CRI-2014-004-5509 [2015] NZHC 2498

THE QUEEN

v

MICHAEL JOSEPH CAVANAGH

Hearing: 9 October 2015

Appearances:

R M A McCoubrey for Crown
S J Bonnar QC and C S Fredric for Defendant

Sentence:

9 October 2015

SENTENCE OF KEANE J

Solicitors:

Crown Solicitor, Auckland

THE QUEEN v MICHAEL CAVANAGH [2015] NZHC 2498 [9 October 2015]

[1]      Michael Cavanagh you appear for sentence for 11 offences, which in their order of seriousness are these:

(a)      supplying the class B controlled drug (in excess of two kilograms of ephedrine),  and  materials  capable  of  being  used  to  manufacture (iodine and hypophosphorous acid), on 23 April 2014;

(b)      money laundering on five occasions between 7 May 2012 - 11 March

2014, to purchase your home and four cars, using drug offending proceeds;

(c)       possessing a 9mm Ruger pistol on 26 March 2014 and a .35mm Baby

Browning on 21 May 2014;

(d)      fraudulently obtaining a driver’s licence under a false name on 7 July

2011 and making a false statement to obtain a New Zealand passport under a false name on 20 May 2013.
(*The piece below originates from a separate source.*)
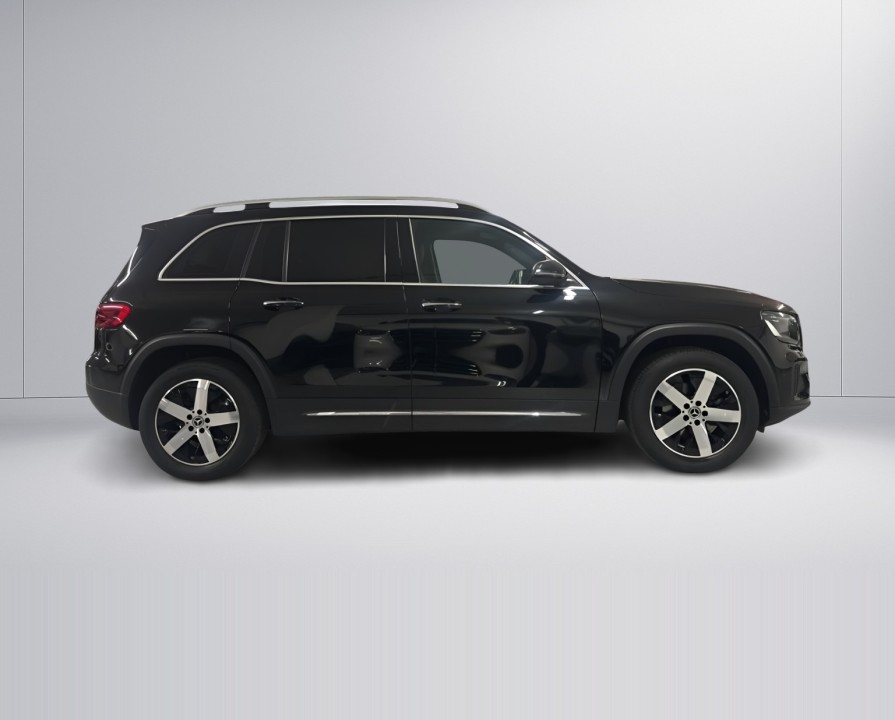 Mercedes-Benz GLB 200 (2)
[2]      These offences were established, as you have accepted by your plea, during Operation Genoa, an investigation the police commenced in 2011 into the manufacture and supply of methamphetamine in Auckland, which culminated in May 2014.  I sentenced your wife, whom you involved in your offending, earlier this week. Two others have gone to trial.  One has still to be sentenced.

[3]        You pleaded to these offences on 21 August 2015, the week before your trial was to begin.  But, as the Crown accepts, you had intimated that plea some time earlier.  Once I have sentenced you, the Crown will seek leave to withdraw six other charges, as has been confirmed today.

Fact summary

[4]      The fact summary,  which  you do  not dispute, amplifies the offences  for which you are for sentence, in date sequence.
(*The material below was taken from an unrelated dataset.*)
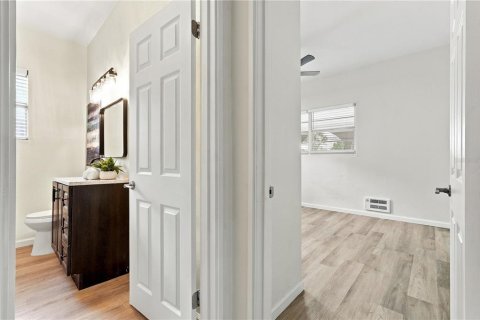 Купить виллу или дом в Тампа, Флорида 5 комнат, 140.47м2, № 2420485 - фото 4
[5]      On 7 July 2011 you applied for a New Zealand driver’s licence using a false identity giving the false date of birth 21 May 1973.  You gave an Oratia address and described your birth place as Katikati.  You used that driver’s licence to purchase property, register motor vehicles, open safety deposit boxes and bank accounts in order to conceal cash and assets.

[6]      In 2012 – 2014 you money laundered the proceeds of drug offending by making five purchases.

(a)       On 3 April 2013 you and your wife purchased your present home for

$535,000, you using your false name and she using a false name also.

(b)On 7 May 2012 you purchased a Holden car valued at $28,000, for a price that has not been established, in the name of your wife’s mother.

(c)       On 4 September 2012 you bought a Porsche Boxster car valued at

$32,000 for a price still to be established, first registering it under

your false name and later under the name of your wife’s mother.

(d)On 14 June 2013 you purchased a Maserati car valued at $65,000, for a price not established, again registering it in your wife’s mother’s name.

(e)      On 11 March 2014 you and your wife purchased an Audi Q3 car valued at $59,000 for a price not established, again registering it in the name of your wife’s mother.

[7]      On 26 March 2014 the police covertly searched a unit in Parnell in the name

of your wife’s mother, in which you and your wife stored items.  These included a

9mm Ruger pistol. With the pistol was a large amount of cash and a police shirt.

[8]      On 17 April 2014 the police also searched covertly a storage unit in Panmure, rented by your wife on 7 April 2014 under a false name, and found four plastic bags of the class B controlled drug ephedrine, weighing approximately two kilograms and capable of yielding in excess of one kilogram of methamphetamine.   Also found

were several five litre containers of iodine and hypophosphorous acid, capable of being used in the manufacture of methamphetamine.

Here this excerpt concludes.